> [Assigned task] Return exactly, please, the line that contains "Seltmann Weiden Lido" and every line after it through the end of the material that follows, leaving pictures aside.

> [Records to use]

= = = = =

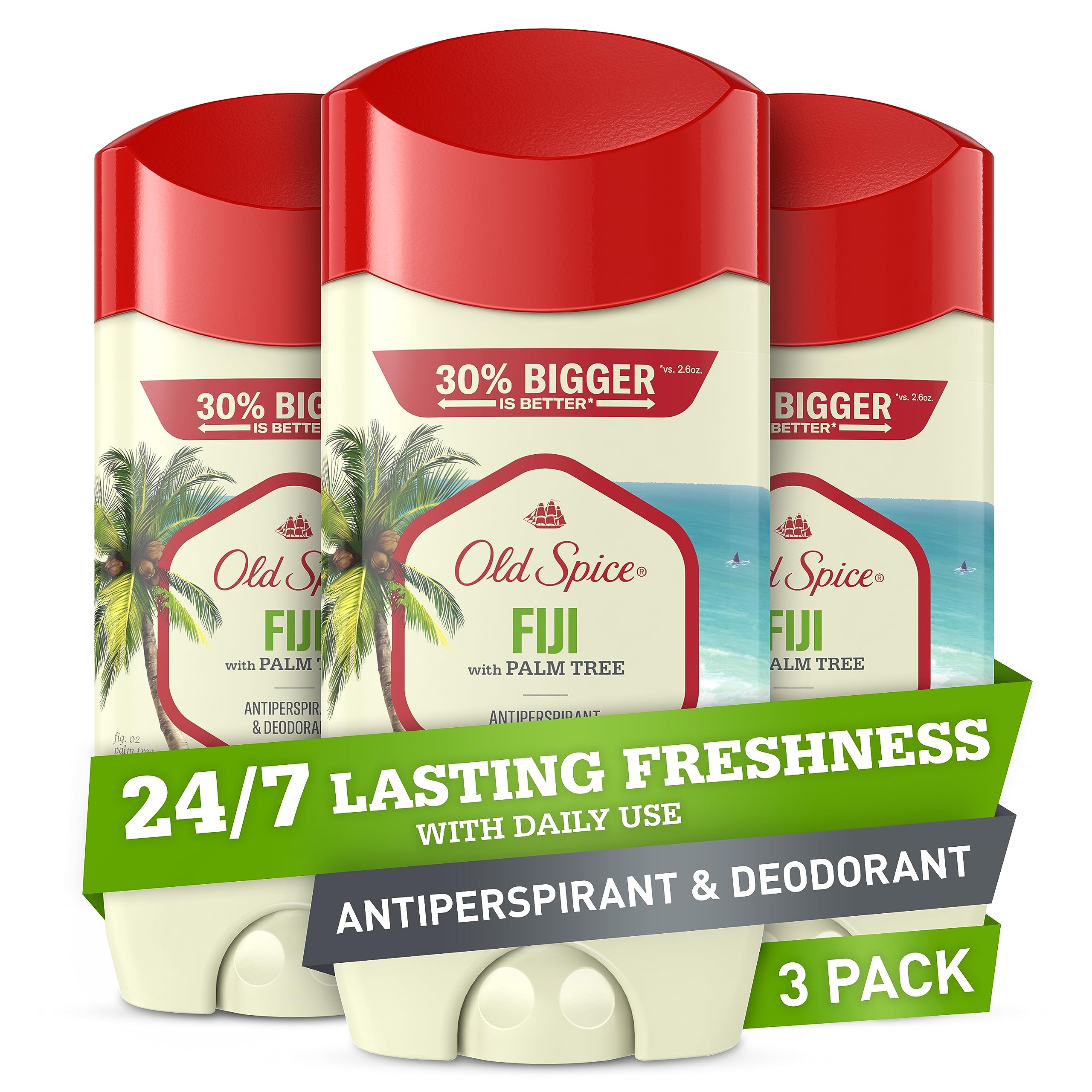 Old Spice Fiji Invisible Solid bottle on bathroom counter for daily freshness.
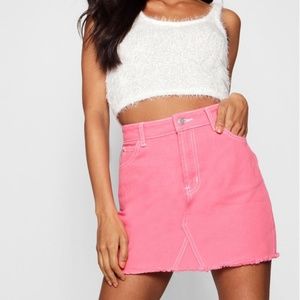 Mauve Contrast Stitch Denim Mini Skirt
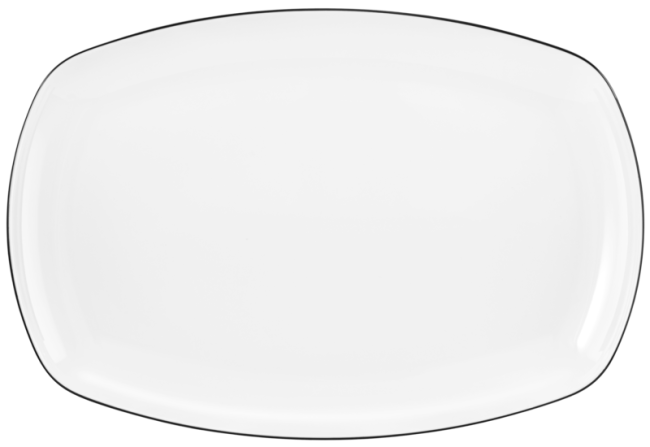 Seltmann Weiden Lido Servierplatte eckig 35x24cm black line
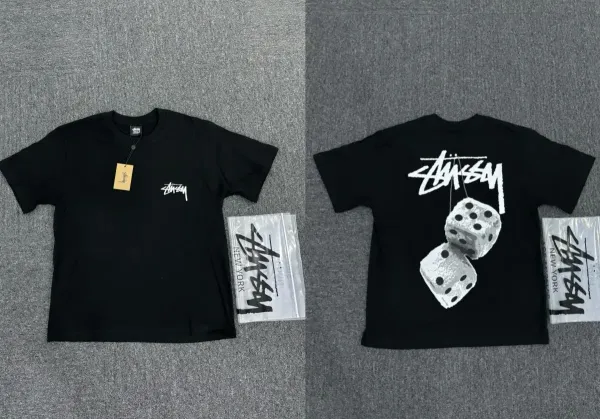 Stüssy Dice Print Black T-Shirt - 1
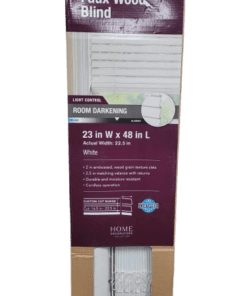 HDC - White Cordless Faux Wood Blinds for Windows with 2 in. Slats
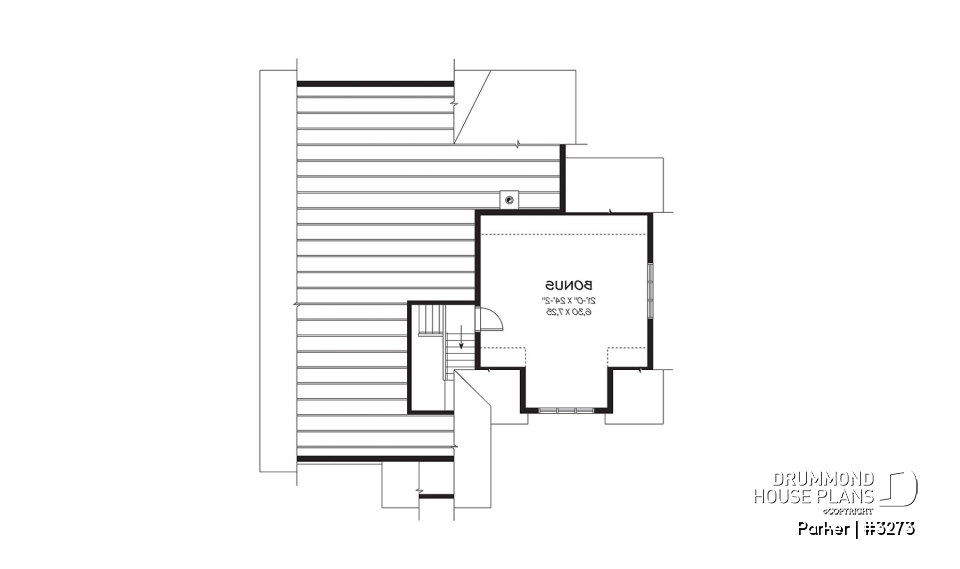 Bonus space - 3 bedroom bungalow house plan, 2-car garage w / bonus room, 3 bedrooms, fireplace, kitchen island - Parker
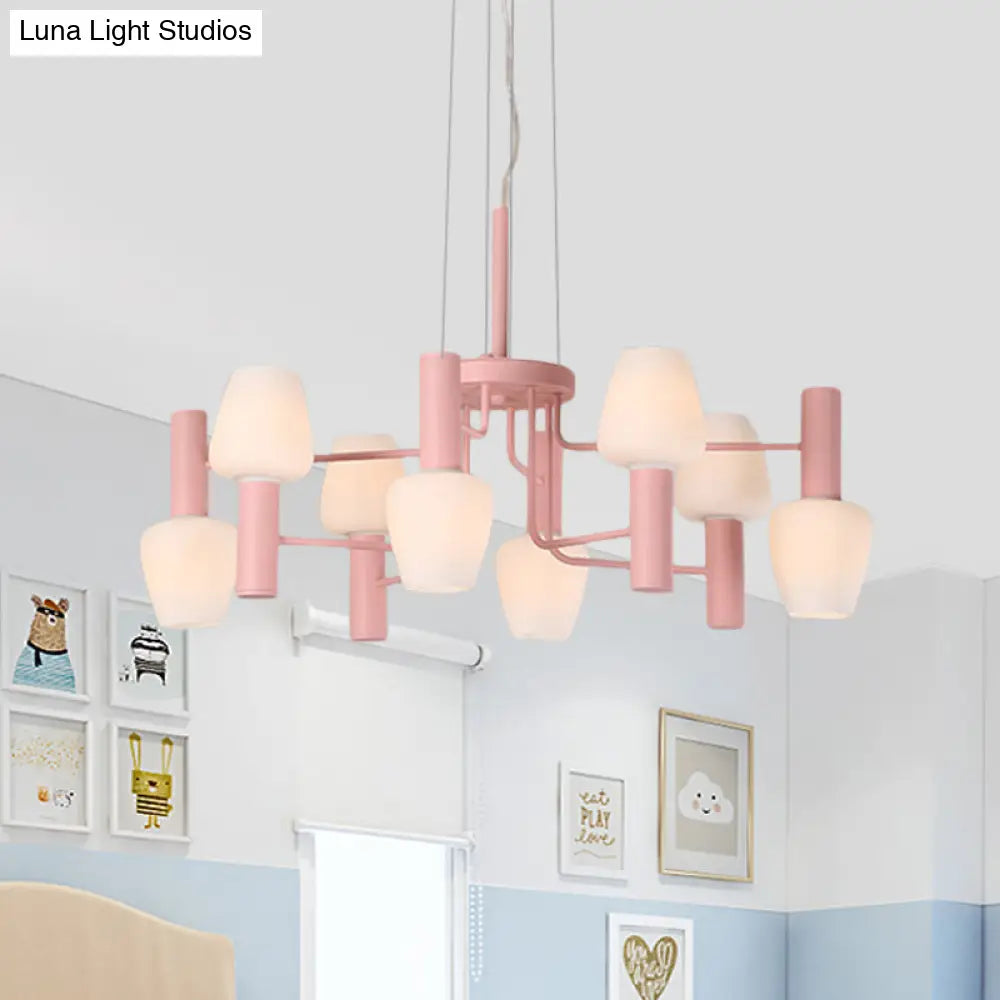 Macaron Pink/Yellow/Blue Lounge Chandelier With Milk Glass Shades - 8 Bulbs Hanging Lamp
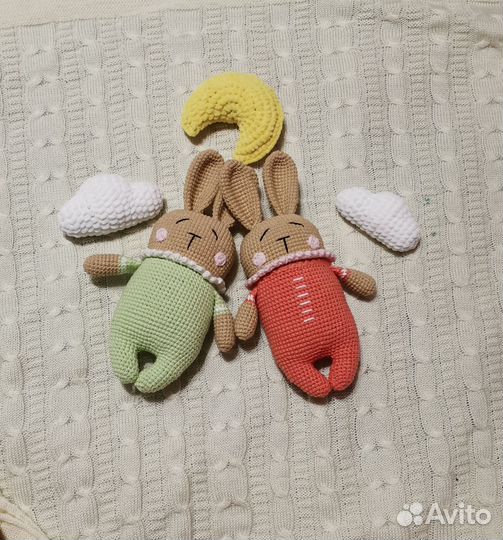 Зайки Сплюшки вязаные, ручная работа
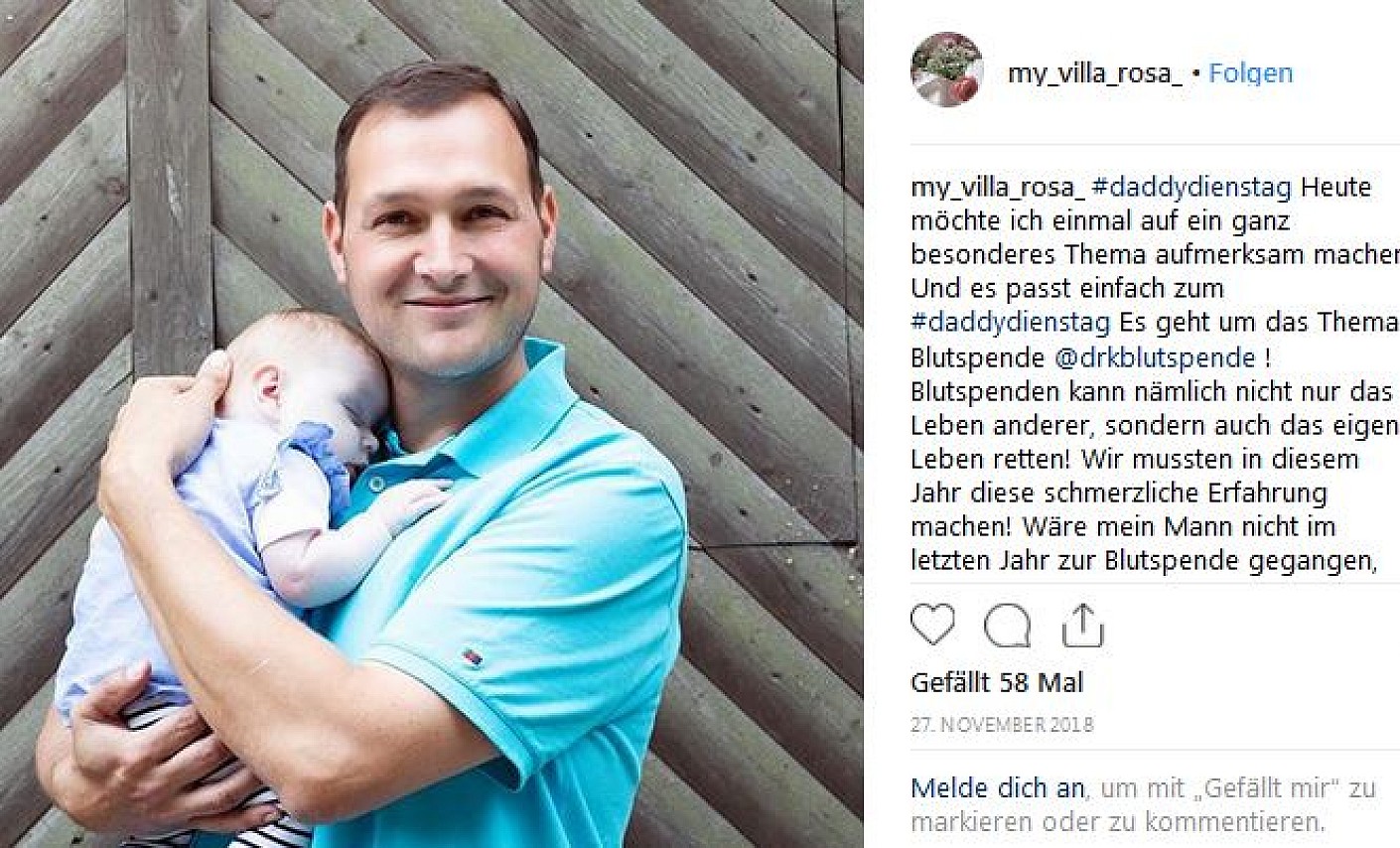 Instagram Post von Andrea Block zum Thema Krebserkennung im Rahmen der Blutspende.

= = = = =

> [Written answer]
 Seltmann Weiden Lido Servierplatte eckig 35x24cm black line
 Stüssy Dice Print Black T-Shirt - 1
 HDC - White Cordless Faux Wood Blinds for Windows with 2 in. Slats
 Bonus space - 3 bedroom bungalow house plan, 2-car garage w / bonus room, 3 bedrooms, fireplace, kitchen island - Parker
 Macaron Pink/Yellow/Blue Lounge Chandelier With Milk Glass Shades - 8 Bulbs Hanging Lamp
 Зайки Сплюшки вязаные, ручная работа
 Instagram Post von Andrea Block zum Thema Krebserkennung im Rahmen der Blutspende.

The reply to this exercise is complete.